Saturday, February 1, 2014

Review: All the Broken Things, by Kathryn Kuitenbrouwer


I should admit off the bat that I have a real soft spot for reading (and, frankly, writing) stories that weave two seemingly unconnected tropes into a cohesive artistic whole. So needless to say Kathryn Kuitenbrouwer’s new novel, All the Broken Things, hits a number of buttons for me. Despite being out for barely a month, this book has already received ubiquitously glowing reviews: in the Globe, the Post, the Star, etc. etc. And I have no qualms adding my voice to the chorus of praise. This is a solid outing from an immensely talented writer.

The two tropes in question—in case you’re one of the 11 literate people in Canada who hasn’t heard yet—is bear wrestling and the lingering affects of America’s use of Agent Orange in the Vietnam War. The novel, set in 1983, tells the story of Bo, a 14-year-old Vietnam immigrant living near High Park in Toronto with his mother Rose and severely disabled younger sister Orange. A scrappy kid, Bo gets recruited one day by a carnie named Gerry to be a bear wrestler after he witnesses Bo tussling in the street with a schoolmate.

Gerry introduces Bo to the world freaks and sideshows, of travelling entertainment and the carnival life. He even gives him his own bear cub, named Bear, to raise. But he also introduces him to his morally questionable boss, Max. Max eventually meets and begins a relationship with Rose, but his interest in Bo’s family proves to be far more nefarious: he’s looking to exploit the physical deformities of young Orange in his freak show. Her name, in fact, has several meanings in the novel: her Vietnamese name means Orange Blossom; but her deformities are caused as a result of America's use of Agent Orange during the war a decade and a half earlier—a chemical that, ironically enough, was manufactured in one of the small Ontario towns that the carnival travels to.

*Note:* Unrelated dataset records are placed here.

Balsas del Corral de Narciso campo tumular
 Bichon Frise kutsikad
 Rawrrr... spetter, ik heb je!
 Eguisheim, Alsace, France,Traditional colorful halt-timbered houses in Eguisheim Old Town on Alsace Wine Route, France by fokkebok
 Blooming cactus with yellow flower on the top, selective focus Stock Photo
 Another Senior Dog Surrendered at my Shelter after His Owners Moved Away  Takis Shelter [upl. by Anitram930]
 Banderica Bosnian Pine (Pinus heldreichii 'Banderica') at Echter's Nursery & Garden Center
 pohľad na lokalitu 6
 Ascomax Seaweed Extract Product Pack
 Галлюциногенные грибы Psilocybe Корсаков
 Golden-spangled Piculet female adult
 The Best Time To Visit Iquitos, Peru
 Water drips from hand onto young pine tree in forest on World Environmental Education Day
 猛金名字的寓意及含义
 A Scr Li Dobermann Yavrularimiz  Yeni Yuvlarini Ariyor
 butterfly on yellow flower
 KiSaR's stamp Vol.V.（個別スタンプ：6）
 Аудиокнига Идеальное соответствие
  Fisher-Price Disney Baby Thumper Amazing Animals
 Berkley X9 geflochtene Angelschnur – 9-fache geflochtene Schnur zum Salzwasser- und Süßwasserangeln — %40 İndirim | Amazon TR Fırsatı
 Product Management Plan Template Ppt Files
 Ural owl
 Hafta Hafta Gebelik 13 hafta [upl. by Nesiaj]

All the Broken Things soon takes on a fantastical quality as Bo sets out with Bear to rescue Orange from Max’s clutches. The two hide out in High Park, take advantage of the help of Bo’s gentle-hearted teacher (there’s an absolutely devastating scene early in the novel, involving her attempt to get Bo to talk about his Vietnamese heritage and immigration experiences with the class as a way of curtailing the bullying he suffers), a pretty classmate named Emily, and a derelict he and Bear meet in the park called Soldier Man. Kuitenbrouwer stretches the realistic framework of her tale to make way for scenes and interactions that can only be described as miraculous. A lot of the success of this novel requires us to suspend our disbelief to allow the magic in. For the most part, it works. Bear wrestling, for example, was actually banned in Ontario in the 1970s, but we allow Kuitenbrouwer’s fudging here because it’s integral to the plot. We also allow images of Bo and Bear together from High Park to the CNE grounds because, well, we believe it in the moment.

But while there are several large improbabilities that we let go, there are other, smaller improbabilities that threaten this novel. Gerry, for example, is literally some guy that Bo meets off the street, and yet this carnie faces virtually no resistance from Rose when he wants to take her son away to a small town to show him the carnival life. I mean, I know it’s the 1980s and she’s most likely an alcoholic, but I did wonder why kidnapping and/or sexual impropriety never crossed her mind. There is also a scene where Bo learns of a death in his family—not that I want to give the plot away—and yet has no real visceral reaction of grief or even dismay. This struck me as a bit of a false note.

But what keeps these improbabilities from wrenching us out of All the Broken Things’s fictional world is, of course, Kuitenbrouwer’s incredible skill with language. Her ability to create mood and emotional resonance with her style is top notch; and her prose, for the most part, resists the urge to become self-consciously literary. She is deft at showing us Bo’s inner landscapes, and she weaves together the various thematic threads of this book marvelously. As we close in one of the novel’s final miracles—Orange gaining the ability to communicate with Bo—we soon forgive any of the near-contrivances that came earlier. The depth of emotion at the book’s climax is very real, and very moving.